The role of the data professional is undergoing a fundamental shift. “Analytics teams going forward will have to think a lot more about context and action,” says Park. “It will not be enough to simply build charts that show what the data looks like, but it will also be important to understand how that data matters in context and what needs to actually be done next.”
Analyst redefined: Analytics is no longer just about analysis, but driving decisions. “It's not going to just be a data analysis job, but a data actor or next-best-action job,” Park explains. For those in entry-level or early-stage roles, the focus must move toward business purpose: understanding how insights are used and what outcomes they support. “The data analyst has to think about what their role actually is in the business and how to maintain the technical skills that go along with those business needs,” says Park.
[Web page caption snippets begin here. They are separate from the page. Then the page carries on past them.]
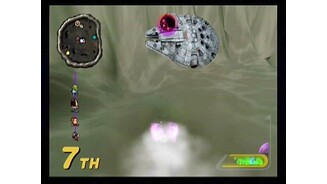 .5 past lightspeed? Where can I get one? Unfortunately, the Falcon isnt controllable...it merely flies around the background of the asteroid level.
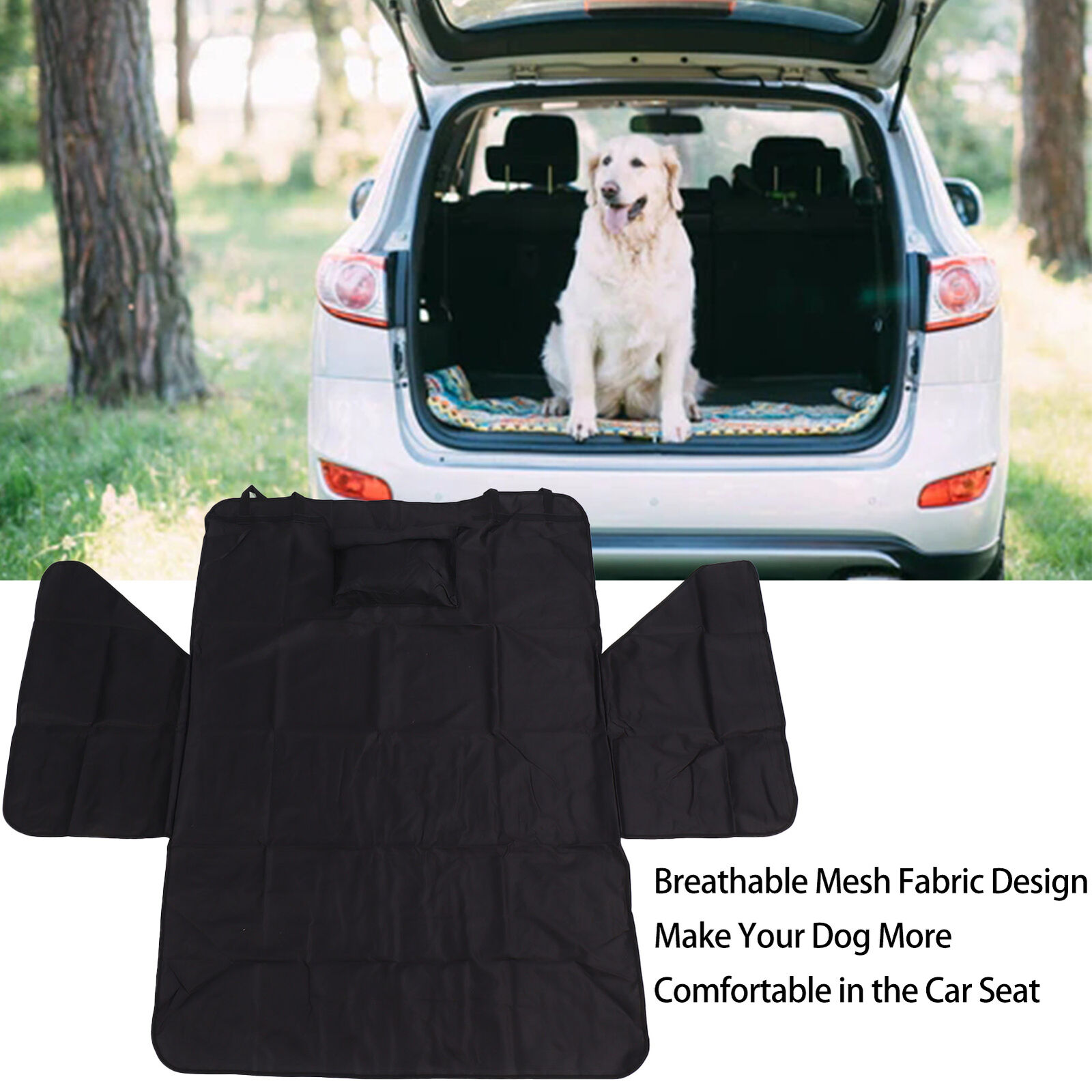 Haustier-Autositzabdeckung Einzelne Wasserdichte Schicht Voll Surround Hund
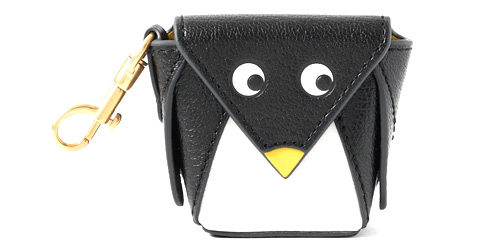 Penguin textured-leather AirPods case - Anya Hindmarch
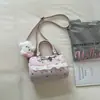Bolsa de Ombro Elegante e Relaxada Estilo Coreano 2026 Verão Nova com Acabamento em Renda de Alto Valor
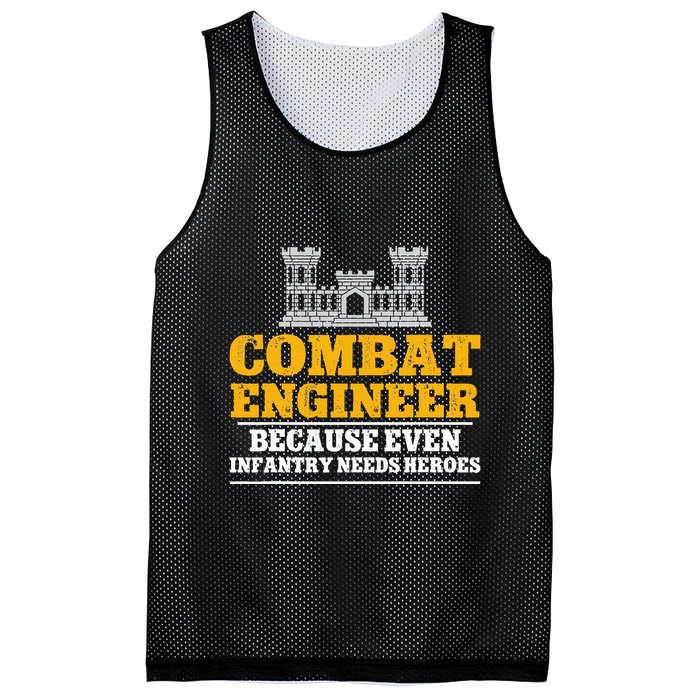 Combat Engineer Because Even Infantry Needs Heroes Mesh Reversible Basketball Jersey Tank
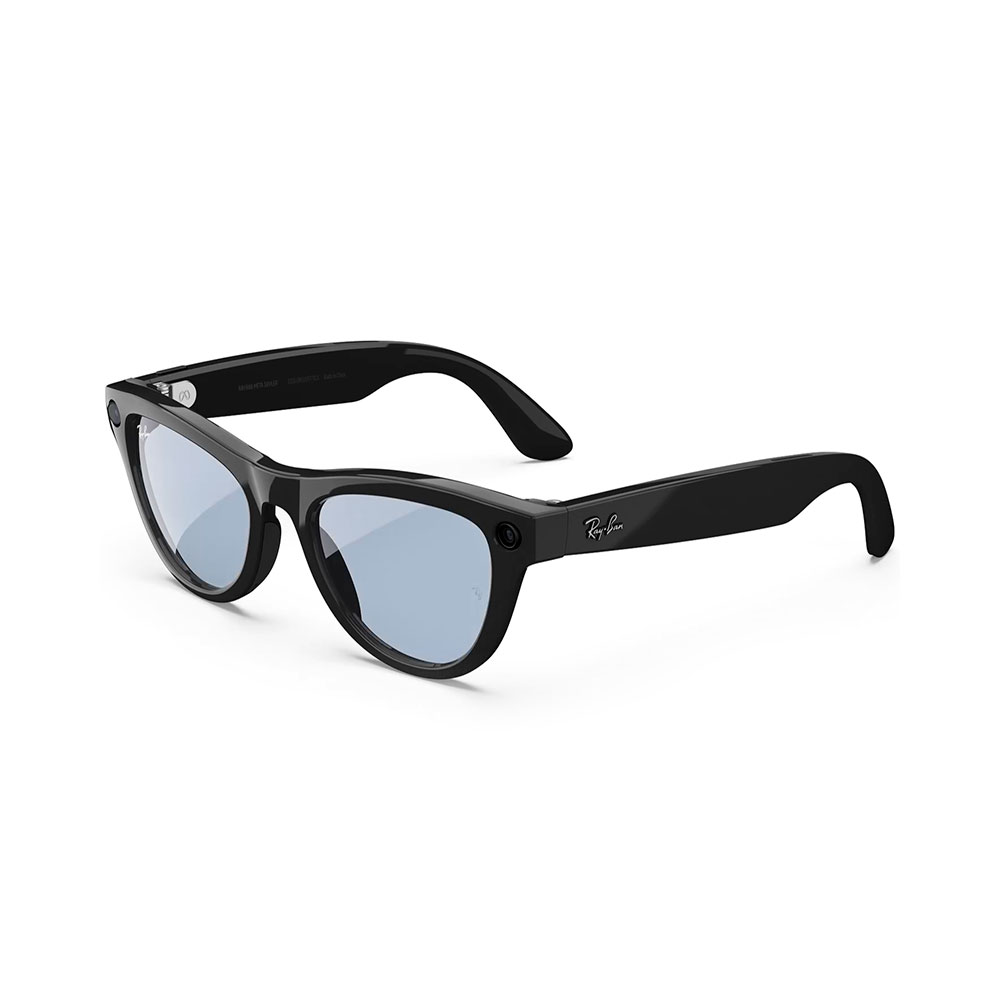 Смарт-очки RayBan Skyler Shine Black Transitions Cerulean Blue S52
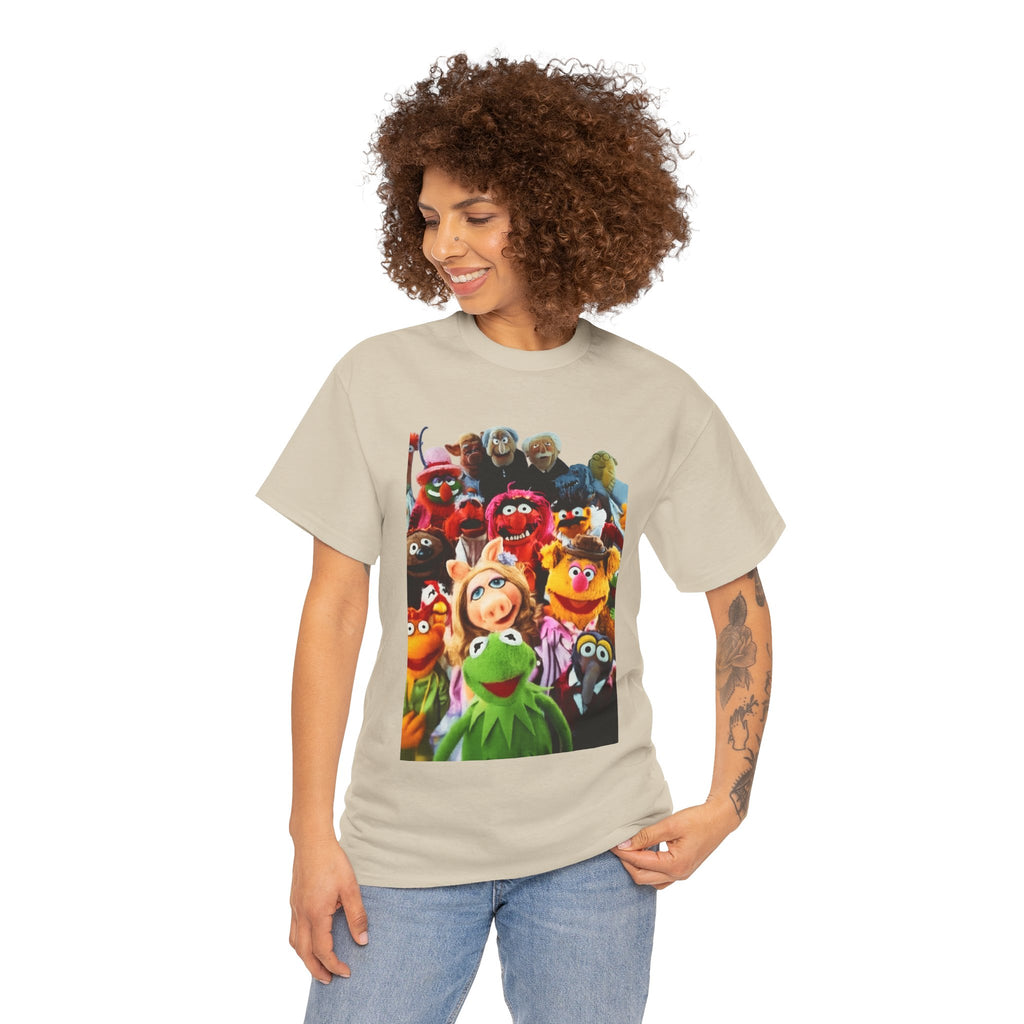Muppets Puppet Ensemble Graphic Tee — Fun Family Cartoon Shirt
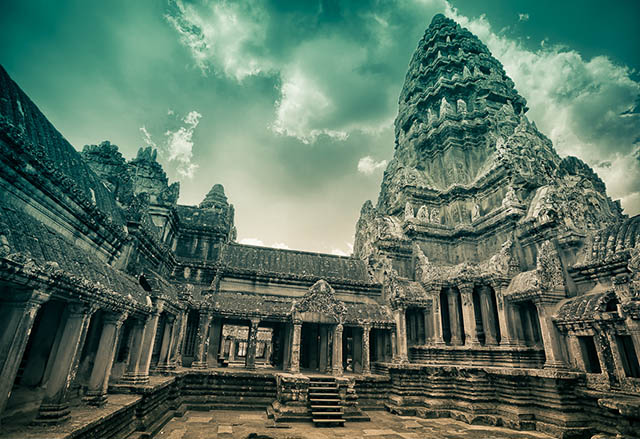 Google Street View разходка и в храмовете в Ангкор Ват в Сием Реап, Камбоджа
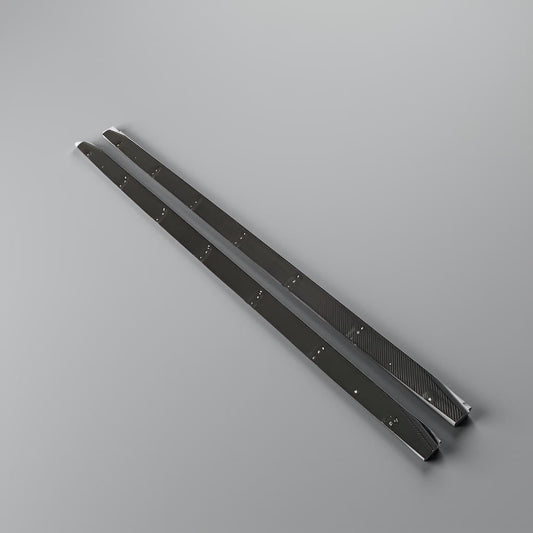 Dry Carbon Fiber Side Skirt Extension - Audi S3 8Y Premium Sedan (2021-2023)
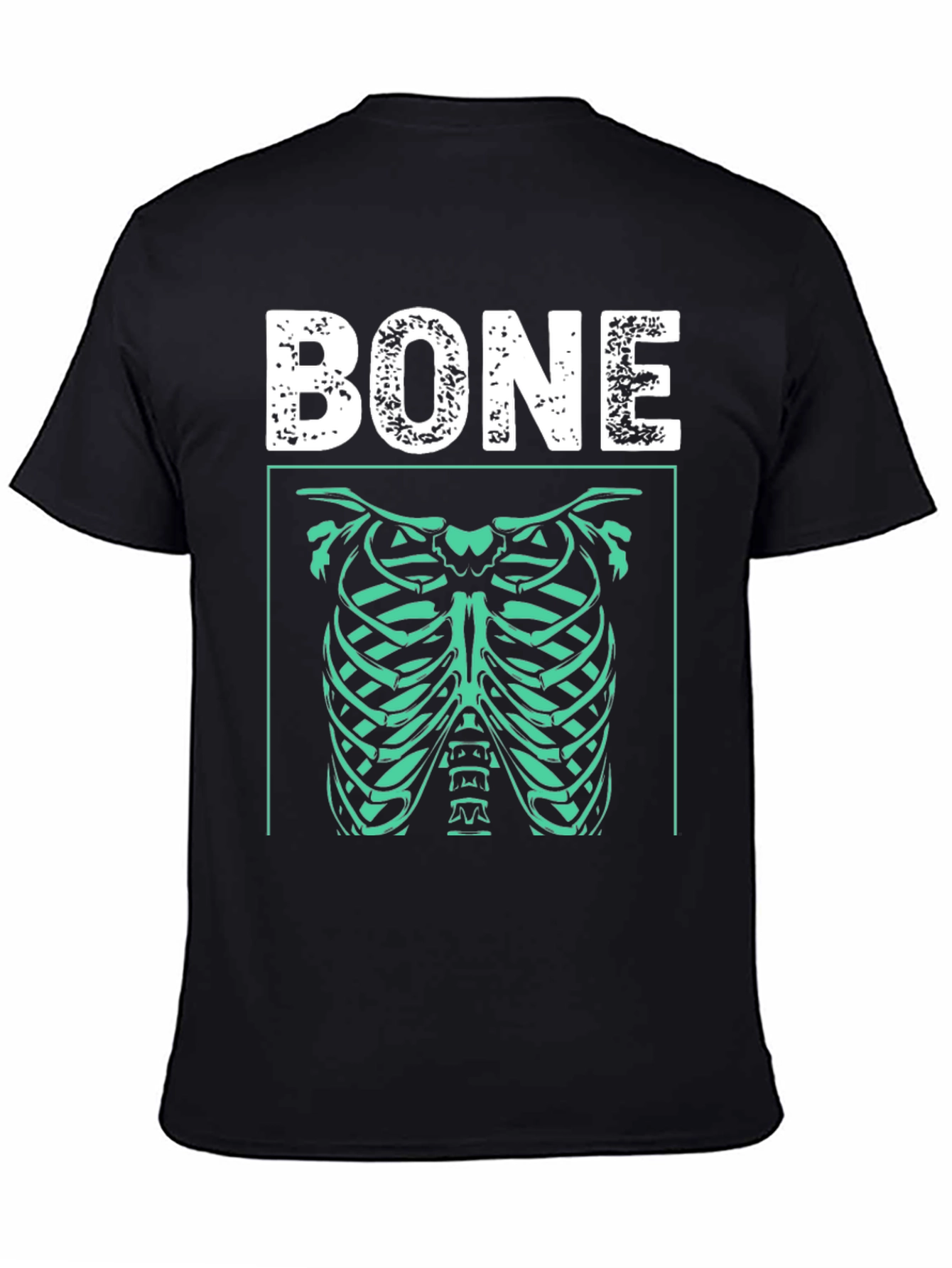 Bone Rib Cage Graphic T-Shirt - Halloween Costume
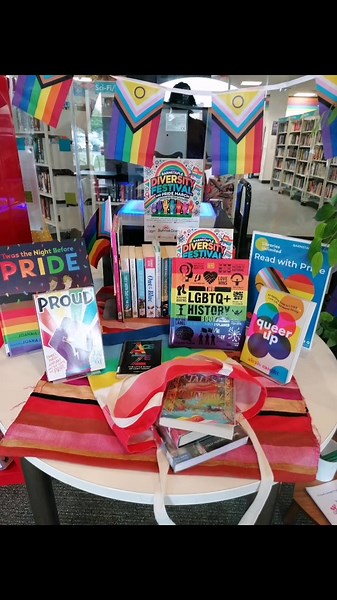 Happy pride month from Barnstaple Library 🌈🎊🏳️‍🌈🏳️‍⚧️#pride #lgbtqia #librarytiktok #booktok #readtherainbow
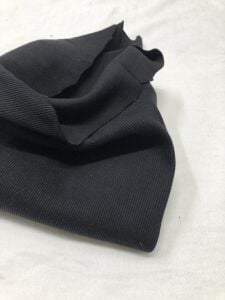Ribana Fitilli Kumaş, Parça 50x140 cm - Siyah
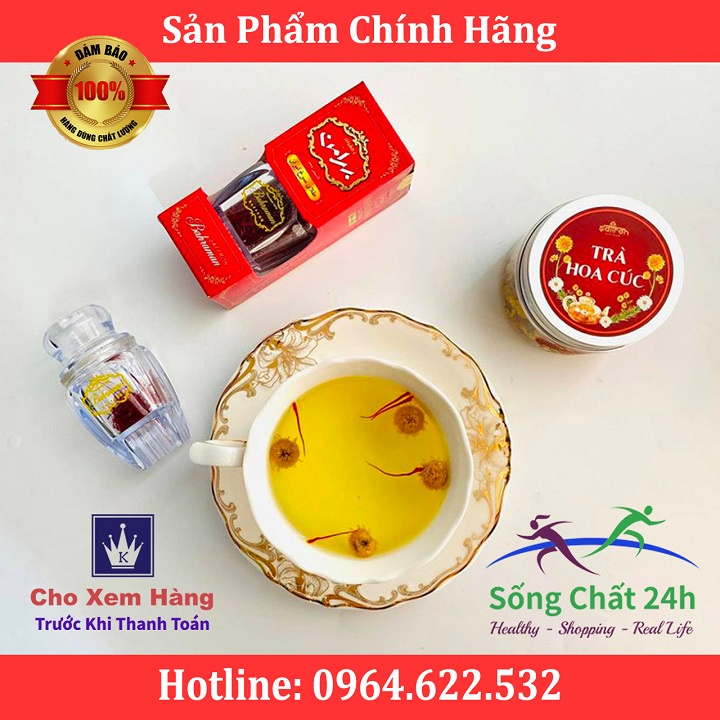 Nhụy Hoa Nghệ Tây SAFFRON Super Negin TÂY Á 3 GRAM - Sống Chất 24h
Knowledge worker advantage: "The biggest short-term winners are going to be knowledge workers who are trying to do smart things," Park says. "They're either trying to create products or they're trying to do complex sales, or they're creating interesting projects and assets that would've previously taken months to produce."
Facilitated by tech, those workers can now produce more, better, faster. “They will now be able to ask questions and get answers much more quickly for background knowledge, information, and decision-making.”
Head above water: BI professionals trying to stay afloat with AI's changes must adopt a perspective shift. "The technology is changing so fast. AI models are getting better every day, every week," says Park. "Being married to a specific model or to a specific way of working with AI in 2025 is a bit of a trap. You have to think more big picture while also keeping up with the tech, which is a hard bifurcation."